September figures, along with figures from July and August, show one new property entering some stage of the foreclosure process for every 1,122 U.S. households, up 14 percent compared to the second quarter of 2006. There are a few factors responsible for this recent increase in foreclosures. Many home owners have suffered higher-than-anticipated costs in the forms of growing interest rates and elevated energy expenses. Some have also expected the values of their homes to rise and had been relying on that projected equity to pay for pricier lifestyles.
"Rising interest rates and higher energy prices are making it especially difficult for homeowners who relied on home price appreciation to build equity and drew upon that equity to support their lifestyles," noted Tom Adams, President and CEO of Bargain Network. "This is a group that we see as most at risk for future foreclosures."
Florida and the western states have a high proportion of loans in which mortgage holders pay only interest, not equity on their properties, which can result in foreclosures when interest rates rise. Adams anticipates that foreclosure rates will stabilize, and that foreclosures will continue to be an attractive investment vehicle. He predicts, "A cooling economy and slower housing market [will] force some people who purchased real estate using sub-prime mortgages to default on those loans in the months ahead."
Florida had the highest occurrence of foreclosure movement in September with approximately 28,000 properties entering some stage of the foreclosure process, accounting for 27 percent of the overall nationwide foreclosure activity. With one new foreclosure filing for every 254 households, the state's foreclosure rate was over four times the national average.
California ranked second with approximately 17,000 foreclosures entering some stage of the foreclosure process, or one foreclosure for every 712 households in the state. The state's foreclosure activity represents a 37 percent increase from the previous month, and a 44 percent increase in Q3 compared with Q2.
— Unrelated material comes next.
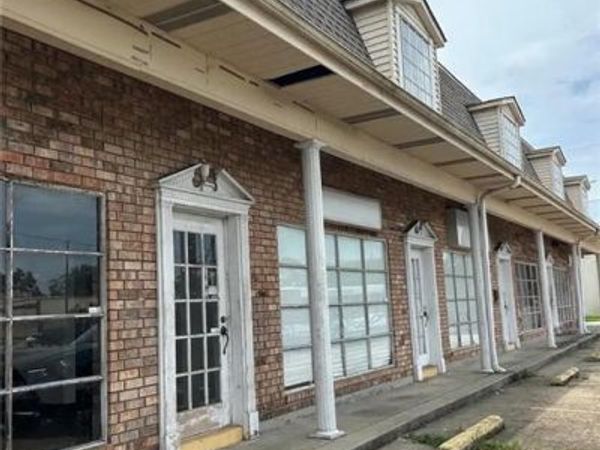 1320 VETERANS MEMORIAL Boulevard , Metairie, LA 70005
Texas recorded nearly 9,000 foreclosures entering some stage of the process, or one foreclosure for every 920 households in the state. Colorado posted an estimated 7,000 foreclosure listings, or one foreclosure for every 266 households. While both Texas and California recorded high levels of overall foreclosure activity, Texas actually slowed down compared to last month, posting a 38 percent decrease in foreclosure activity, while Colorado accelerated slightly, posting a 13 percent increase in activity compared to last month.
Many States Continue to Post Significant Increases
Several states throughout the U.S. continued to show an increase in month over month foreclosure activity, some of which posted an increase during each of the last three months.
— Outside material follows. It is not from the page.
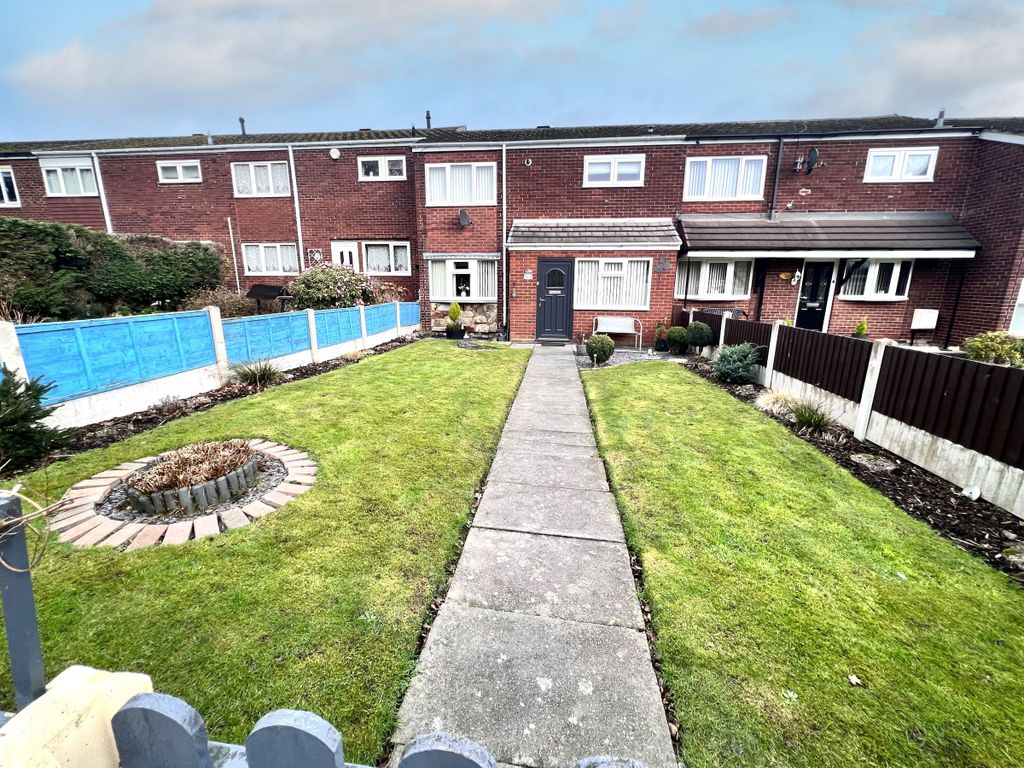 3 bed terraced house for sale in Lewis Close, Willenhall WV12, £160,000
Kentucky's foreclosure activity increased by roughly three percent in September compared with August, bringing the number of foreclosure filings in the Bluegrass State to a monthly high of just over 900. This marks the third successive month in a row that the number of foreclosure filings has increased in Kentucky, bringing the saturation rank to approximately one foreclosure in every 1,900 households.
Missouri's activity also increased for the third time in as many months to a total of over 1,700 foreclosure filings in the month of September, a 29 percent increase over the previous month. As the 21st biggest state in the U.S. and the 16th most populous state, Missouri posted an estimated one foreclosure filing for every 1,750 households.
The foreclosure rate in Nevada behaved much like the rates in Kentucky and Missouri, whereby Nevada posted its third straight monthly foreclosure activity increase, and a 42 percent increase over last month's activity. Not all states, however, posted increased foreclosure activity numbers.
Arizona and Illinois both returned to lower foreclosure activity rates that were more consistent with rates that were seen at the onset of Q3, whereby Arizona leveled off in September, and Illinois decreased around 7.5 percent compared with August, but increased 12 percent compared with the June/July period.
And More to Come ...
Industry forecasters recently estimated that more than $200 billion worth of adjustable rate mortgages will "reset" at higher rates in 2006 and over $1 trillion will reset in 2007. This situation, compounded by the expected slowing of the economy and the housing market, which according the National Association of Realtors includes a growing inventory of unsold homes, may edge more homeowners into the foreclosure process.